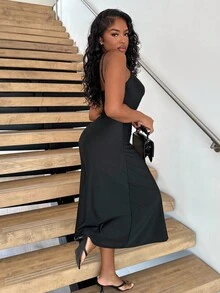 Alexandranx Elegant Solid Color Waisted Ruching Flared Hem Cami Dress,Summer Dresses For Women,Tea Party Dress - Black - View 5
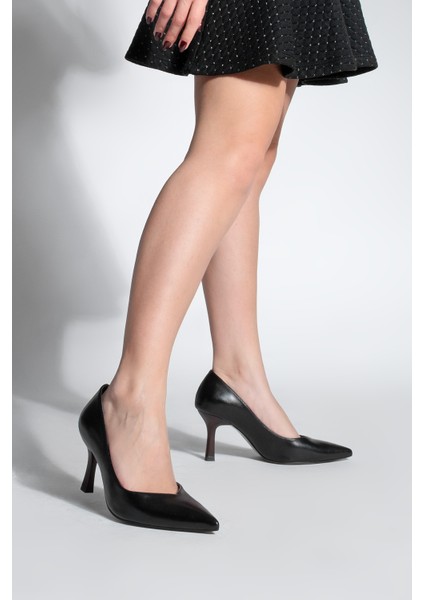 Kadın Stiletto Sivri Burun Ahşap Desen Ökçe Topuklu Ayakkabı Arset fırsatları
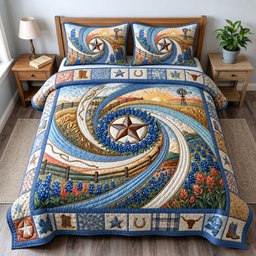 Bluebonnets Cowboy 3 Piece Quilted Bedding Set Gift For Western Lovers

+--

--- TASK ---
Could the data above be reproduced exactly, with the pictures left out?

--- WRITTEN ANSWER ---
 Alexandranx Elegant Solid Color Waisted Ruching Flared Hem Cami Dress,Summer Dresses For Women,Tea Party Dress - Black - View 5
 Kadın Stiletto Sivri Burun Ahşap Desen Ökçe Topuklu Ayakkabı Arset fırsatları
 Bluebonnets Cowboy 3 Piece Quilted Bedding Set Gift For Western Lovers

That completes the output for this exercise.